_WHAT THE TASK ASKS_: Write the data below out again, with each line matching the original.

[Stored entries]
============================================================

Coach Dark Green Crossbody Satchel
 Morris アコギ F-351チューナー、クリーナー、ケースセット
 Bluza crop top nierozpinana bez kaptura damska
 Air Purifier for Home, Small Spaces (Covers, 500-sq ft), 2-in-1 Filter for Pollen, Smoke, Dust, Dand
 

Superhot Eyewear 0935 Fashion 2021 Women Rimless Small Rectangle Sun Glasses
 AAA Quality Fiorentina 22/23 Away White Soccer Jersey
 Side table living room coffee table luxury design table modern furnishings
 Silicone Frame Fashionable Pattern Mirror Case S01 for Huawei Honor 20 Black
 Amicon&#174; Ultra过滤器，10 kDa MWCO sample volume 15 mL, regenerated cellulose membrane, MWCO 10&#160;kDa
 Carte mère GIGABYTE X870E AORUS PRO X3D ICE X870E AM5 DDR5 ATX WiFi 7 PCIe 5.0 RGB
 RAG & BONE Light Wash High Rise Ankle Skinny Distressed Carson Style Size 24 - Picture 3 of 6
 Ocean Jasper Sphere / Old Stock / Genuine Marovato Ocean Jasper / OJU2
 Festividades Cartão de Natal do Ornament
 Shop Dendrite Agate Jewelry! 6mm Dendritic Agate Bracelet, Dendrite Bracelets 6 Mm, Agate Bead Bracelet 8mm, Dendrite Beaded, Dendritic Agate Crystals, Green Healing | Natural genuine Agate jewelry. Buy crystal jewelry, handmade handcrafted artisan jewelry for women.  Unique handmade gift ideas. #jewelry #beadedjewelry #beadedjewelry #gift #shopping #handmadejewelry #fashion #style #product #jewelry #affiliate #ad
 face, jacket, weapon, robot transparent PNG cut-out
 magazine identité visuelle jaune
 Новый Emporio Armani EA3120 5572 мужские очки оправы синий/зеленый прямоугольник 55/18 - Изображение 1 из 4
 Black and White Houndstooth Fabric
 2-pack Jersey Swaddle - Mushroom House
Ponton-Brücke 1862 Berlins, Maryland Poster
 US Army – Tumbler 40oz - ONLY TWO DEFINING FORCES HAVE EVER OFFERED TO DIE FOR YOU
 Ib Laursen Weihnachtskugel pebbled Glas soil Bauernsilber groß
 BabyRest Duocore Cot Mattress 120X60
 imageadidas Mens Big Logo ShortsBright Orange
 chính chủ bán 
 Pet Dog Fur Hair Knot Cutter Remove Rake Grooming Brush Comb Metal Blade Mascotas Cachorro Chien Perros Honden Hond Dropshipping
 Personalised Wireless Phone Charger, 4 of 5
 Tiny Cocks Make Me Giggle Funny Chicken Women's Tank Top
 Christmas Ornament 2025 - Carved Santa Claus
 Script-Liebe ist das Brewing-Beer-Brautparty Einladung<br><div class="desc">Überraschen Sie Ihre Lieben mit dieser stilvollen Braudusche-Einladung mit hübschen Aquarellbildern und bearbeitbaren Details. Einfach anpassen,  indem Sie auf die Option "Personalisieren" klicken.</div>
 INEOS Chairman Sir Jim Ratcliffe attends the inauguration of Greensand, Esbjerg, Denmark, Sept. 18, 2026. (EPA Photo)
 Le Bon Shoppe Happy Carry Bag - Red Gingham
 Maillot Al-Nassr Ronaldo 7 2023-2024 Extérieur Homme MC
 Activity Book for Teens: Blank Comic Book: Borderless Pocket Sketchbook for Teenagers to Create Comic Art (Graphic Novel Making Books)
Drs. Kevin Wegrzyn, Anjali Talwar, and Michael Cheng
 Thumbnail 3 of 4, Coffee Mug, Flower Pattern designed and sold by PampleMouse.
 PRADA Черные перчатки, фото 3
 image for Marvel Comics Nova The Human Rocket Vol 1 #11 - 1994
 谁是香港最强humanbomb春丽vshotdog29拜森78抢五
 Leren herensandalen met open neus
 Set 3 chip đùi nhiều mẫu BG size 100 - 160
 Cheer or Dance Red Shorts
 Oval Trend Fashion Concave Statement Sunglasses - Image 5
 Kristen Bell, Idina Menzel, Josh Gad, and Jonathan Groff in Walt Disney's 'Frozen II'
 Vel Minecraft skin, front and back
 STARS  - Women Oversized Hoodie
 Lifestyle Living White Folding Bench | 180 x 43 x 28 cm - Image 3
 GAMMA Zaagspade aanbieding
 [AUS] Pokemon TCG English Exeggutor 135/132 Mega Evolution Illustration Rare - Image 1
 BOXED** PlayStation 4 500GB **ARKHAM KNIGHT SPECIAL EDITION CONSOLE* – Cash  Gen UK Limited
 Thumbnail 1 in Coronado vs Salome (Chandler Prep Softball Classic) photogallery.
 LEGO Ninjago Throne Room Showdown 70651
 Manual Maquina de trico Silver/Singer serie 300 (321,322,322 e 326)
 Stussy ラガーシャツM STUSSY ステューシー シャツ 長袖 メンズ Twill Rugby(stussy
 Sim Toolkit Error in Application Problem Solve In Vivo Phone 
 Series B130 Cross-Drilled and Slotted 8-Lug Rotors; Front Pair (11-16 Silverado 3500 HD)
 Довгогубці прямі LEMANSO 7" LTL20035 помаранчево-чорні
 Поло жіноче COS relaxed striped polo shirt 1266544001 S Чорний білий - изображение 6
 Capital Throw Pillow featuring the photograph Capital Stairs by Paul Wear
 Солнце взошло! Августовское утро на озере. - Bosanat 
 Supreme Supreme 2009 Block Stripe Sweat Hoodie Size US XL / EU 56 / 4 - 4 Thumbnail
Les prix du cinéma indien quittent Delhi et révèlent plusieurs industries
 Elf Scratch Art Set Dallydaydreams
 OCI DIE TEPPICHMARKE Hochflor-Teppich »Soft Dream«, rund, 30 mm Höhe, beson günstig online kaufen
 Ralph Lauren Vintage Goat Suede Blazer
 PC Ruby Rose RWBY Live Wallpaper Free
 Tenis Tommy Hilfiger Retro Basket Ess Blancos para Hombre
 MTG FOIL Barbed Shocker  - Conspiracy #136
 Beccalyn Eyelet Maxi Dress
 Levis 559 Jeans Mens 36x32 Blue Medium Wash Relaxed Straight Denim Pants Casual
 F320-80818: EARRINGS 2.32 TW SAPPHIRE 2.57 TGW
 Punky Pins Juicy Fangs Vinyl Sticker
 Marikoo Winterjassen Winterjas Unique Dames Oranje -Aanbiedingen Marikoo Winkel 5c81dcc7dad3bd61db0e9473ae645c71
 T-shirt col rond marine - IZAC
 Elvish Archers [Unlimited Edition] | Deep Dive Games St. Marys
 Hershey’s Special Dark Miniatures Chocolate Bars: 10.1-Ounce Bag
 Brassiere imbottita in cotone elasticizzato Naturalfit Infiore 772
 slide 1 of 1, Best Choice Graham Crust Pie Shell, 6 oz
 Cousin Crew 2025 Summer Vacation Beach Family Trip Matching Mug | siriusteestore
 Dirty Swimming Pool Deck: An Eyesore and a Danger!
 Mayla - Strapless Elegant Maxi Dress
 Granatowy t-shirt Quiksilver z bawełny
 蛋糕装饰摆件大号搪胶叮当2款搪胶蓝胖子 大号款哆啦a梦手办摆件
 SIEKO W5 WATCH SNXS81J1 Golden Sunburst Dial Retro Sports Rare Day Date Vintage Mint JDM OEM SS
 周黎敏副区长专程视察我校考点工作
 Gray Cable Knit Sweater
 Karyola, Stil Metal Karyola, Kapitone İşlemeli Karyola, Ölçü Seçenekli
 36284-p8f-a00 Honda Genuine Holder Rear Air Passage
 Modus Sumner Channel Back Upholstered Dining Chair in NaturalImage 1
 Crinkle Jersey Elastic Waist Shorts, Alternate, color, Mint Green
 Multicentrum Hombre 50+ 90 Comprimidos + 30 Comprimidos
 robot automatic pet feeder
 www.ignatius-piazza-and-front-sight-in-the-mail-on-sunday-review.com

============================================================

_OUTPUT_:
Coach Dark Green Crossbody Satchel
 Morris アコギ F-351チューナー、クリーナー、ケースセット
 Bluza crop top nierozpinana bez kaptura damska
 Air Purifier for Home, Small Spaces (Covers, 500-sq ft), 2-in-1 Filter for Pollen, Smoke, Dust, Dand
 

Superhot Eyewear 0935 Fashion 2021 Women Rimless Small Rectangle Sun Glasses
 AAA Quality Fiorentina 22/23 Away White Soccer Jersey
 Side table living room coffee table luxury design table modern furnishings
 Silicone Frame Fashionable Pattern Mirror Case S01 for Huawei Honor 20 Black
 Amicon&#174; Ultra过滤器，10 kDa MWCO sample volume 15 mL, regenerated cellulose membrane, MWCO 10&#160;kDa
 Carte mère GIGABYTE X870E AORUS PRO X3D ICE X870E AM5 DDR5 ATX WiFi 7 PCIe 5.0 RGB
 RAG & BONE Light Wash High Rise Ankle Skinny Distressed Carson Style Size 24 - Picture 3 of 6
 Ocean Jasper Sphere / Old Stock / Genuine Marovato Ocean Jasper / OJU2
 Festividades Cartão de Natal do Ornament
 Shop Dendrite Agate Jewelry! 6mm Dendritic Agate Bracelet, Dendrite Bracelets 6 Mm, Agate Bead Bracelet 8mm, Dendrite Beaded, Dendritic Agate Crystals, Green Healing | Natural genuine Agate jewelry. Buy crystal jewelry, handmade handcrafted artisan jewelry for women.  Unique handmade gift ideas. #jewelry #beadedjewelry #beadedjewelry #gift #shopping #handmadejewelry #fashion #style #product #jewelry #affiliate #ad
 face, jacket, weapon, robot transparent PNG cut-out
 magazine identité visuelle jaune
 Новый Emporio Armani EA3120 5572 мужские очки оправы синий/зеленый прямоугольник 55/18 - Изображение 1 из 4
 Black and White Houndstooth Fabric
 2-pack Jersey Swaddle - Mushroom House
Ponton-Brücke 1862 Berlins, Maryland Poster
 US Army – Tumbler 40oz - ONLY TWO DEFINING FORCES HAVE EVER OFFERED TO DIE FOR YOU
 Ib Laursen Weihnachtskugel pebbled Glas soil Bauernsilber groß
 BabyRest Duocore Cot Mattress 120X60
 imageadidas Mens Big Logo ShortsBright Orange
 chính chủ bán 
 Pet Dog Fur Hair Knot Cutter Remove Rake Grooming Brush Comb Metal Blade Mascotas Cachorro Chien Perros Honden Hond Dropshipping
 Personalised Wireless Phone Charger, 4 of 5
 Tiny Cocks Make Me Giggle Funny Chicken Women's Tank Top
 Christmas Ornament 2025 - Carved Santa Claus
 Script-Liebe ist das Brewing-Beer-Brautparty Einladung<br><div class="desc">Überraschen Sie Ihre Lieben mit dieser stilvollen Braudusche-Einladung mit hübschen Aquarellbildern und bearbeitbaren Details. Einfach anpassen,  indem Sie auf die Option "Personalisieren" klicken.</div>
 INEOS Chairman Sir Jim Ratcliffe attends the inauguration of Greensand, Esbjerg, Denmark, Sept. 18, 2026. (EPA Photo)
 Le Bon Shoppe Happy Carry Bag - Red Gingham
 Maillot Al-Nassr Ronaldo 7 2023-2024 Extérieur Homme MC
 Activity Book for Teens: Blank Comic Book: Borderless Pocket Sketchbook for Teenagers to Create Comic Art (Graphic Novel Making Books)
Drs. Kevin Wegrzyn, Anjali Talwar, and Michael Cheng
 Thumbnail 3 of 4, Coffee Mug, Flower Pattern designed and sold by PampleMouse.
 PRADA Черные перчатки, фото 3
 image for Marvel Comics Nova The Human Rocket Vol 1 #11 - 1994
 谁是香港最强humanbomb春丽vshotdog29拜森78抢五
 Leren herensandalen met open neus
 Set 3 chip đùi nhiều mẫu BG size 100 - 160
 Cheer or Dance Red Shorts
 Oval Trend Fashion Concave Statement Sunglasses - Image 5
 Kristen Bell, Idina Menzel, Josh Gad, and Jonathan Groff in Walt Disney's 'Frozen II'
 Vel Minecraft skin, front and back
 STARS  - Women Oversized Hoodie
 Lifestyle Living White Folding Bench | 180 x 43 x 28 cm - Image 3
 GAMMA Zaagspade aanbieding
 [AUS] Pokemon TCG English Exeggutor 135/132 Mega Evolution Illustration Rare - Image 1
 BOXED** PlayStation 4 500GB **ARKHAM KNIGHT SPECIAL EDITION CONSOLE* – Cash  Gen UK Limited
 Thumbnail 1 in Coronado vs Salome (Chandler Prep Softball Classic) photogallery.
 LEGO Ninjago Throne Room Showdown 70651
 Manual Maquina de trico Silver/Singer serie 300 (321,322,322 e 326)
 Stussy ラガーシャツM STUSSY ステューシー シャツ 長袖 メンズ Twill Rugby(stussy
 Sim Toolkit Error in Application Problem Solve In Vivo Phone 
 Series B130 Cross-Drilled and Slotted 8-Lug Rotors; Front Pair (11-16 Silverado 3500 HD)
 Довгогубці прямі LEMANSO 7" LTL20035 помаранчево-чорні
 Поло жіноче COS relaxed striped polo shirt 1266544001 S Чорний білий - изображение 6
 Capital Throw Pillow featuring the photograph Capital Stairs by Paul Wear
 Солнце взошло! Августовское утро на озере. - Bosanat 
 Supreme Supreme 2009 Block Stripe Sweat Hoodie Size US XL / EU 56 / 4 - 4 Thumbnail
Les prix du cinéma indien quittent Delhi et révèlent plusieurs industries
 Elf Scratch Art Set Dallydaydreams
 OCI DIE TEPPICHMARKE Hochflor-Teppich »Soft Dream«, rund, 30 mm Höhe, beson günstig online kaufen
 Ralph Lauren Vintage Goat Suede Blazer
 PC Ruby Rose RWBY Live Wallpaper Free
 Tenis Tommy Hilfiger Retro Basket Ess Blancos para Hombre
 MTG FOIL Barbed Shocker  - Conspiracy #136
 Beccalyn Eyelet Maxi Dress
 Levis 559 Jeans Mens 36x32 Blue Medium Wash Relaxed Straight Denim Pants Casual
 F320-80818: EARRINGS 2.32 TW SAPPHIRE 2.57 TGW
 Punky Pins Juicy Fangs Vinyl Sticker
 Marikoo Winterjassen Winterjas Unique Dames Oranje -Aanbiedingen Marikoo Winkel 5c81dcc7dad3bd61db0e9473ae645c71
 T-shirt col rond marine - IZAC
 Elvish Archers [Unlimited Edition] | Deep Dive Games St. Marys
 Hershey’s Special Dark Miniatures Chocolate Bars: 10.1-Ounce Bag
 Brassiere imbottita in cotone elasticizzato Naturalfit Infiore 772
 slide 1 of 1, Best Choice Graham Crust Pie Shell, 6 oz
 Cousin Crew 2025 Summer Vacation Beach Family Trip Matching Mug | siriusteestore
 Dirty Swimming Pool Deck: An Eyesore and a Danger!
 Mayla - Strapless Elegant Maxi Dress
 Granatowy t-shirt Quiksilver z bawełny
 蛋糕装饰摆件大号搪胶叮当2款搪胶蓝胖子 大号款哆啦a梦手办摆件
 SIEKO W5 WATCH SNXS81J1 Golden Sunburst Dial Retro Sports Rare Day Date Vintage Mint JDM OEM SS
 周黎敏副区长专程视察我校考点工作
 Gray Cable Knit Sweater
 Karyola, Stil Metal Karyola, Kapitone İşlemeli Karyola, Ölçü Seçenekli
 36284-p8f-a00 Honda Genuine Holder Rear Air Passage
 Modus Sumner Channel Back Upholstered Dining Chair in NaturalImage 1
 Crinkle Jersey Elastic Waist Shorts, Alternate, color, Mint Green
 Multicentrum Hombre 50+ 90 Comprimidos + 30 Comprimidos
 robot automatic pet feeder
 www.ignatius-piazza-and-front-sight-in-the-mail-on-sunday-review.com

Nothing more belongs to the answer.